Attorney General Dustin McDaniel says he's joined in other states in pressing Google for more information about whether it's Street View map feature gathered personal data about users that was disseminated without users' knowledge to others. Or I think that's what the complaint is.
I've read a bit about the complaint (and used Street View, which gives you a photographic view of a street address), but still don't quite get the bone of contention. I gave up a long time ago on expecting privacy about just about anything. As somebody once pointed out, Street View of one location in Little Rock actually caught me and my wife walking our dog. The gun nuts proudly distributed worldwide a satellite view of my house and my phone number. They thought they were geniuses. It took some real sleuthing. I've been in the phone book 37 years.
MCDANIEL NEWS RELEASE
LITTLE ROCK — Arkansas Attorney General Dustin McDaniel today said he is participating in an ongoing multistate investigation into Google’s unauthorized collection of data transmitted over wireless computer networks.

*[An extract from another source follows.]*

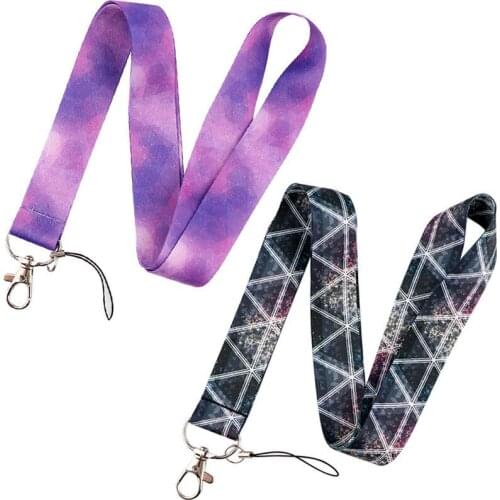 Starry sky Keychain geometry triangle Lanyard Neck Strap for Key ID Card Straps Badge Holder DIY Hanging Rope Neckband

Google has admitted that the software used in its Street View program collected data that could have included passwords, e-mails or web browsing histories. The company said the information was collected by mistake, but Google’s initial response to a May 27 letter from Connecticut Attorney General Richard Blumenthal did not fully explain how the mistake occurred, what data was collected and what has happened to that data.
In Google’s response, the company provided information which the states believe is not fully responsive to the inquiry and which actually raises more questions about the Google Street View program.
A chief concern of the Attorney General's office is whether Google sold or otherwise disclosed information that may have been gathered by its Street View software.
“ The people of Arkansas deserve answers from Google as to whether they collected any sensitive data while in the state and how the company allowed it to happen,” McDaniel said. “Businesses and families need to be confident that information transmitted over wireless networks remains private. To that end, this coalition will work vigorously to get to the bottom of this and make sure something similar doesn’t happen again.”
Arkansas is among 38 states participating in the multistate investigation that began in May.
A follow-up letter from Blumenthal requests that Google identify the parties responsible for inserting code into Street View software that allowed for the unauthorized data collection. Google is asked whether it tested the software before use, since tests should have identified the code that allowed the software to snoop over WiFi networks.